De la literatura argentina he leído a todos los precursores, es decir a todos los que se propusieron “fundar” una literatura, una genealogía literaria, puesto que no existía ninguna literatura que se asumiera como tal, hasta entonces. Sarmiento, Echeverría, José Hernández, Mármol, Groussac, Alberdi, Gutiérrez. Como ellos (y otros contemporáneos) se propusieron buscar esa expresión argentina de la que carecíamos, el camino que abrieron seguramente ha influido en mí tanto como los grandes maestros de la literatura universal que tienen la desventaja de que los leemos en traducciones. Y así como aquellos precursores abordaron la literatura como un hecho de voluntad y búsqueda de identidad, de ellos se aprende a afianzarse en la realidad del país, buscarle las facetas escondidas y a meterse con lo familiar, peculiar y propio. Aunque también campee la enriquecedora influencia de otras literaturas, de cualquier literatura que se haga o haya sido hecha en el mundo. Somos mestizos y nuestra literatura debe ser meteca, bastarda, fecundada por las civilizaciones y culturas que han sido víctimas de un eurocentrismo aberrante.

Todo escritor escribe sobre aquello que lo motiva intensamente, sea el ámbito provinciano, regional, nacional o latinoamericano. De Borges, Cortázar o Gelman, nadie puede decir que no son tan argentinos como Dávalos, Daniel Ovejero o Mateo Booz, que escribieron sobre su terruño. Cada región muestra un rostro de la cultura argentina que es una realidad sin duda compleja. Y aunque el suelo tenga la función de moldear al escritor también la tienen la categoría de espacio y ¿por qué no? la de tiempo. Y en esta última entra el mundo indígena, hoy relegado a las tinieblas, pero cuyos elementos diferenciales aún no han podido ser borrados. Yo hago entrar a las tres vetas —esa triple frontalidad— en mi escritura. Es decir que pongo énfasis en mestizar las tres.

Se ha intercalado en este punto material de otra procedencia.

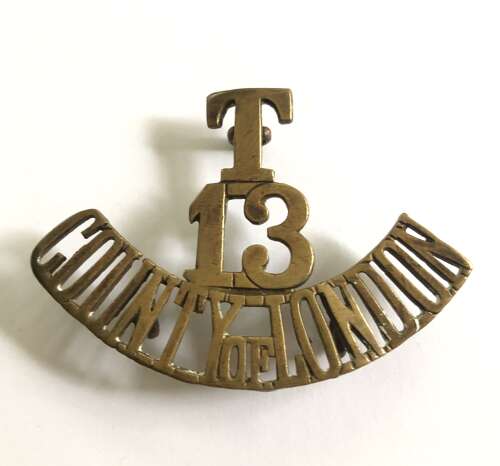 T / 13 / COUNTY OF LONDON (Kensington) WW1 brass shoulder title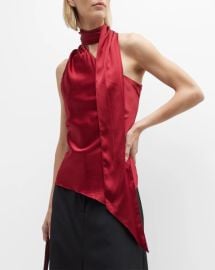 Et Ochs Isadora Halter Tie Neck Silk Top at Neiman Marcus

—¿Qué le gustaría que se dijera de su obra o “quedara” de ella como valoración crítica?

–Que mi literatura es producto de una “tercermundización insidiosa”.


 

SUS LIBROS:

Poesía: Muerte, animal y perfume (1951). Ensayo: Poesía tradicional argentina (1972). Novelas: Los comensales (1967), La flor de hierro (1978), Río de las congojas (1981, Premio Municipal Bs. As.), Sabotaje en el álbum familiar (1984), Un piano en Bahía Desolación (1994), La mamacoca (2013). Relatos: Quién pudiera llegar a Ma-Noa (1986). Biografía: Eva Perón (1984).